Anita fristet ein Leben in Wartestellung. Ihr sehniger Bergfex schmiegt sich durchaus nicht an ihre Seite. Er zieht es sonderbarerweise vor, den Elbrus im fernen Kaukasus zu besteigen. Prompt bricht er sich den Hals. Brigitte Kronauers neuer Romanheldin bleibt von nun an genügend Muße, der betagten Lieblingstante an den Wochenenden Höflichkeitsbesuche abzustatten. Alle Zukunftsverheißungen brechen für sie jählings in sich zusammen. Und in der Tat meint man, sich in einer typischen Kronauer-Romanwelt wiederzufinden.
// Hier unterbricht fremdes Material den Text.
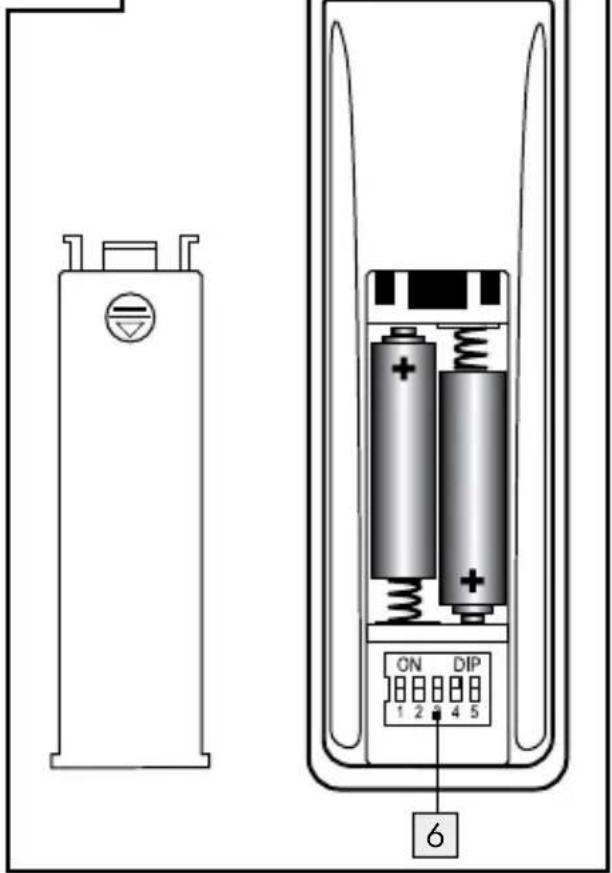 Diagram showing two battery compartments with labeled components and a numbered connection point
Katastrophen bilden die Gravitationsstellen in einem Kosmos, der sich, wiewohl eindrucksvoll plastisch skizziert, durch einen hohen Grad an Künstlichkeit auszeichnet. In der Welt der Hamburger Prosaautorin gelten nicht so sehr die Gesetze blasser Sanftheit. In Wahrheit erhebt in dem Roman Der Scheik von Aachen niemand Geringerer als der Zufall sein abstoßendes Haupt.
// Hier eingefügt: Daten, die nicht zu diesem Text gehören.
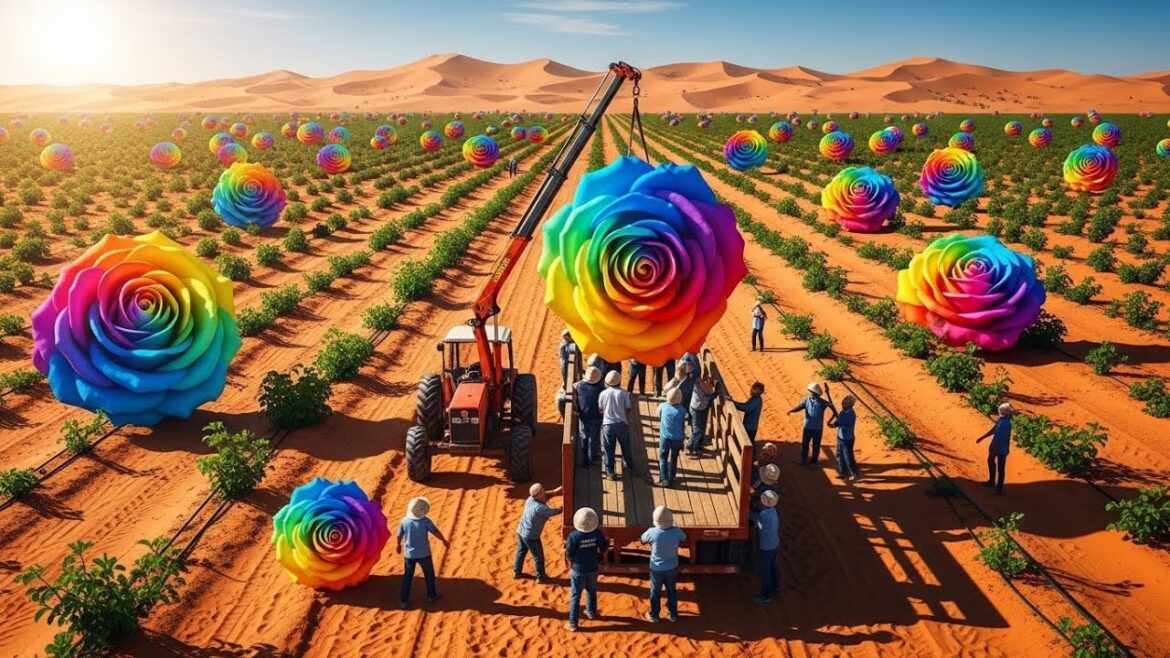 Desert Rose Harvesting Edible Flowers in 45°C Heat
Sein blindes Walten bändigt am ehesten derjenige, der von seinen Verlusten und Unzulänglichkeiten am glaubwürdigsten erzählt – um wenigstens nachträglich zu erfinden, woran sich niemand gerne erinnern will.

Der Orient als Folie

Der Orient in seiner ältesten Form bildet die Folie für dieses ebenso bestrickende wie handlungsarme Buch. Angespielt wird auf ein Wilhelm-Hauff-Märchen: auf die Ökonomie von An- und Abwesenheit, auf die Vertagung von Lebensentscheidungen und auf das Strecken von Zeit. Man muss bloß begreifen, dass ihr Verstreichen die Aufforderung an uns richtet, die Schrecken der Vergangenheit erzählerisch zu bannen. Mitunter reicht es auch, das Unbewusste gewähren zu lassen.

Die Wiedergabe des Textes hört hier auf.